EU Nations May Buy More UN CO2 Credits Without Treaty, Morgan Stanley Says
By Mathew Carr
March 18 (Bloomberg) -- European Union governments will likely buy more United Nations emissions credits relative to companies if a global climate-protection agreement fails to pass, according to Morgan Stanley.
The countries would likely boost buying from the so-called UN clean development mechanism to meet a target to cut greenhouse gas emissions 20 percent by 2020 from 1990 levels, Olivia Hartridge, a vice president and carbon trader at Morgan Stanley in London, said yesterday at the Carbon Market Insights conference in Copenhagen.
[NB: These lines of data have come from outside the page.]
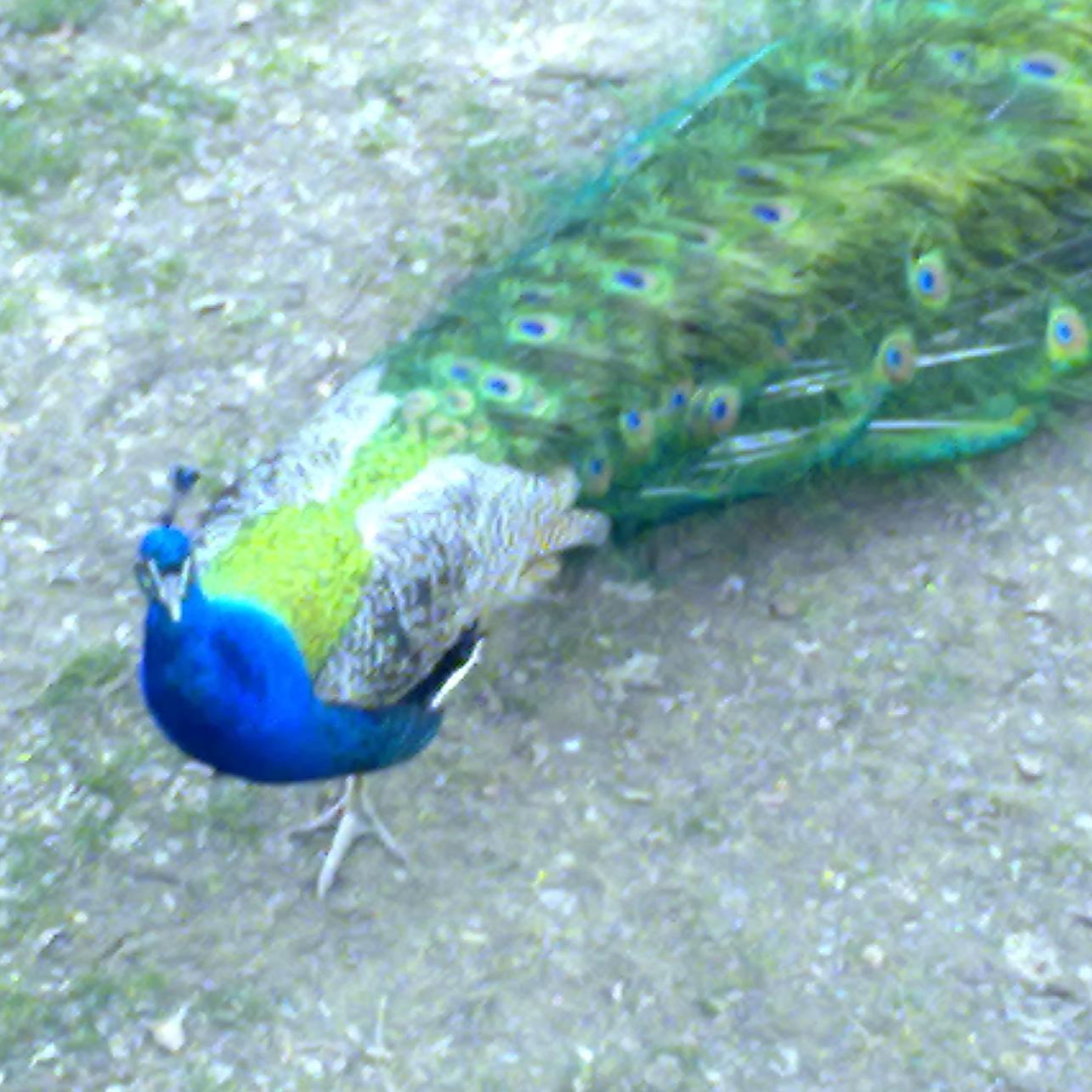 pirendu's profile picture. Amante de las sneakers y los videojuegos!!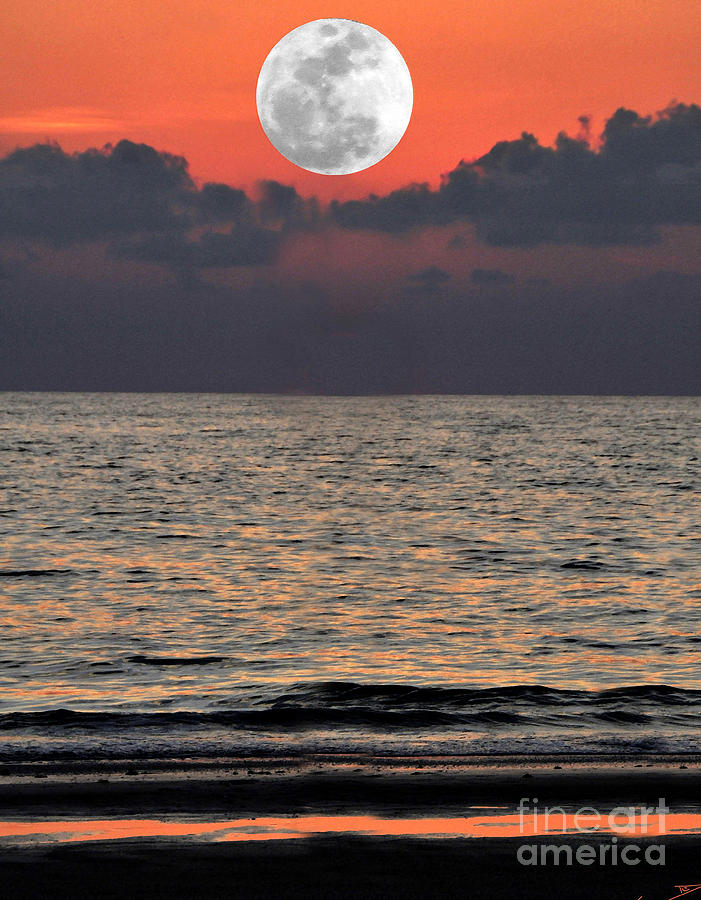 Moonrise Painting by David Lee Thompson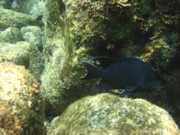 IMG_1414.JPG
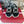 Viv Diamond Sandals Black Fabric 560521
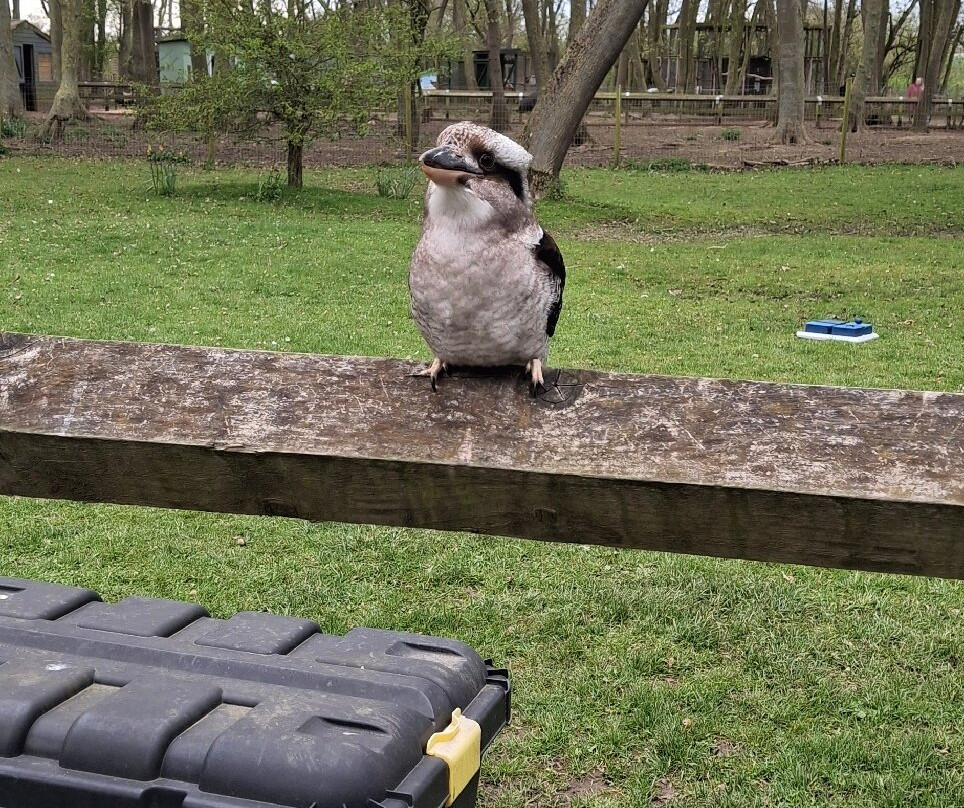 Bridlington Animal Park-布里德灵顿必去景点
Currently most UN permits are bought by companies in the EU emissions trading system, the world’s biggest. The 2020 target includes road transport, households and industries excluded from that program. The EU has said it would boost the target to 30 percent provided there is an international agreement in 2013 to replace the 1997 Kyoto Protocol.
“I think that we are going to see a relative increasing of the importance of EU government buyers in the CDM market in the absence of an international agreement,” Hartridge said.
Factories and power stations in the EU carbon dioxide program can buy CDM credits as an alternative to EU allowances. Governments of developed nations can use them to comply with targets in the Kyoto agreement.
EU emission allowances for delivery in December fell 3.1 percent to 12.56 euros ($16.36) a metric ton on London’s European Climate Exchange today at 9:50 a.m. CDM credits, known as certified emission reductions, for December decreased 2.3 percent to 11.45 euros a ton.
“Right in this point of time, I’m not seeing, in the absence of any international agreement, any particular reason for CERs to break out of their box and to surpass the level of EU allowances,” Hartridge said.